FisMat2017 - Submission - View

Abstract's title: Magnetic shape memory nano-materials: from thin films to free-standing nano-disks
Submitting author: Franca Albertini
Affiliation: IMEM-CNR
Affiliation Address: Parco Area delle Scienze 37/a 43124 Parma
Country: Italy
Oral presentation/Poster (Author's request): Oral presentation
Other authors and affiliations: Simone Fabbrici (IMEM-CNR, Parma, Italy & Mist ER laboratory, Bologna, Italy), Francesca Casoli (IMEM-CNR, Parma), Marco Campanini (EMPA, Dübendorf, Switzerland), Lucia Nasi (IMEM-CNR, Parma, Italy), Paolo Ranzieri (IMEM-CNR, Parma, Italy), Riccardo Cabassi (IMEM-CNR, Parma, Italy), Cesar Magén (Instituto de Nanociencia de Aragón, Zaragoza , Spain), Federica Celegato (INRIM, Torino, Italy), Gabriele Barrera (INRIM, Torino, Italy), Paola Tiberto (INRIM, Torino, Italy)

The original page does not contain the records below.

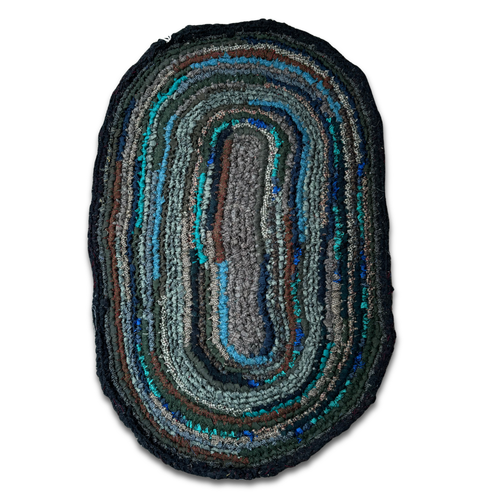 Olly Crocheted Vintage Wool Suit Rug #7
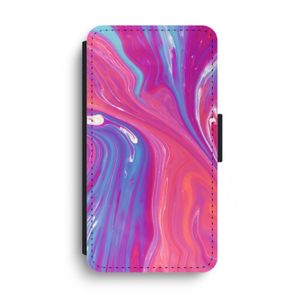 Paarse stroom: iPhone XS Max Flip Hoesje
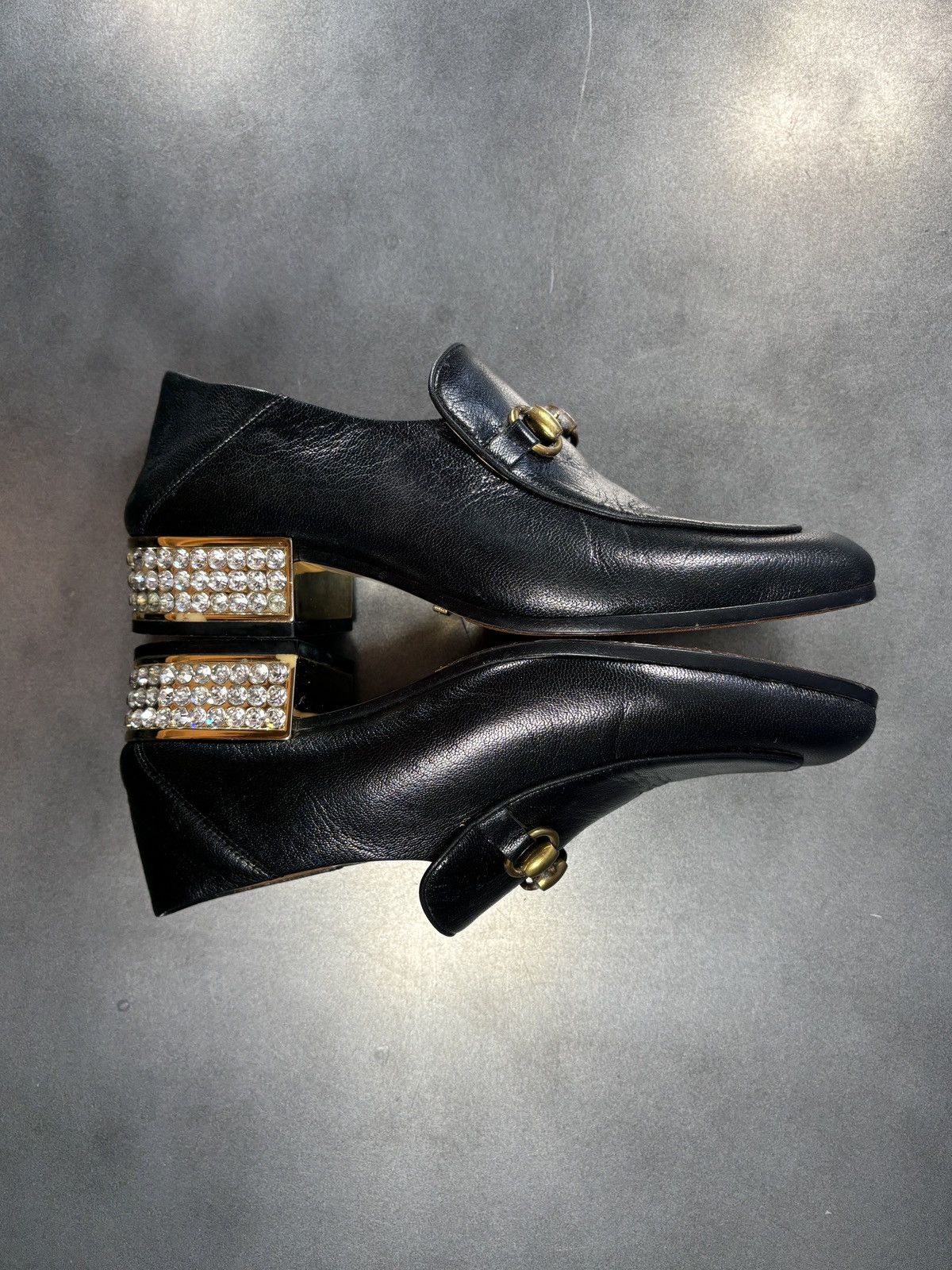 Gucci 2018 Gucci Horsebit Loafer Leather Mules Heels Crystal Jewel Size US 9 / IT 39 - 18 Thumbnail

Magnetic shape memory materials show remarkable multifunctional properties (e.g. magnetomechanical, magnetocaloric) arising from the presence of a martensitic transformation and magnetic states [1]. Low-dimensional materials, mainly thin films, have recently attracted a great interest for their potential in smart and energy applications (e.g. microactuators, valves, solid-state microrefrigerators) [2]. With respect to bulk materials, thin films offer the possibility to tune properties by exploiting the epitaxial growth on suitable substrates and underlayers [3, 4].

The present talk will be focused on NiMnGa thin films (10- 200 nm) grown on Cr underlayer, and on- substrate and free-standing nanodisks obtained by large-area lithographic techniques. A multiscale structural and magnetic study was performed by means of electron microscopy (HREM, STEM-HAADF, electron diffraction, Lorentz microscopy), X-ray diffraction, AFM/MFM, and AGFM and SQUID magnetometry and susceptometry.

We have found that microstructure and the consequent functional properties of thin films can be finely tuned by and an appropriate choice of substrates, thickness and growth parameters, including temperature and stress applied during growth. Laterally confined nanostructures show peculiar microstructural features, but maintain the martensitic and magnetic properties that are the basis of the multifunctional exploitation of thin films. Possible actuation mechanisms obtained by the combined application of temperature and magnetic field in free-standing nanodisks will also be presented.

1.   M. Acet, et al., Handbook of Magnetic Materials (Elsevier),  vol. 19 (2001).

2.   A. Backen et al., Adv. Eng. Mat. 14, 696 (2012).

3.   P. Ranzieri et al., Acta Mater. 61 263 (2013).

4.   P. Ranzieri et al., Adv. Mater. 32 4760 (2015).